I went to see the National Theatre of London's production of Alan Bennett's new play The Habit of Art, as it was screened live to hundreds of movie theatres around the world. What a terrific idea this is - and it completely works on a big screen. You are still seeing a live performance in a packed house, with some of the best actors in the world (and close-up so you can see every nuance and twitch in their faces), and you don't have to wait years until the play finally hits your city. And it was a terrific and immensely enjoyable production set during a play rehearsal of an imagined meeting between an elderly W.H. Auden and Benjamin Britten, years after they worked on a failed opera together. The acting was superb, the writing witty and insightful about poetry, music, and of course the theatre, and I didn't have to get on a plane. Just before the play began, the audience was treated to some snippets of a documentary that will be airing in Britain in the fall about the friendship between these two artists.
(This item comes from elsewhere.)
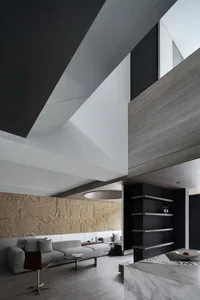 Minimalist modern living room featuring wood tiles and a concrete vault ceiling.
They quoted from a poem of Auden's that completely circles back to Bill McKibben. It's called "Doggerel by a Senior Citizen" and its first stanza goes like this:
Our earth in 1969
Is not the planet I call mine
The world, I mean, that gives me strength
To hold off chaos at arm's length.
I'll be reading some more Auden tonight and I'll be buying myself a copy of Bennett's play very soon. The next live performance in this series will be shown on June 28th when the National Theatre's production of Dion Boucicault's London Assurance will be filmed. This stars one of my all time favourite British actors Simon Russell Beale, along with Fiona Shaw and Richard Briers. I can't wait.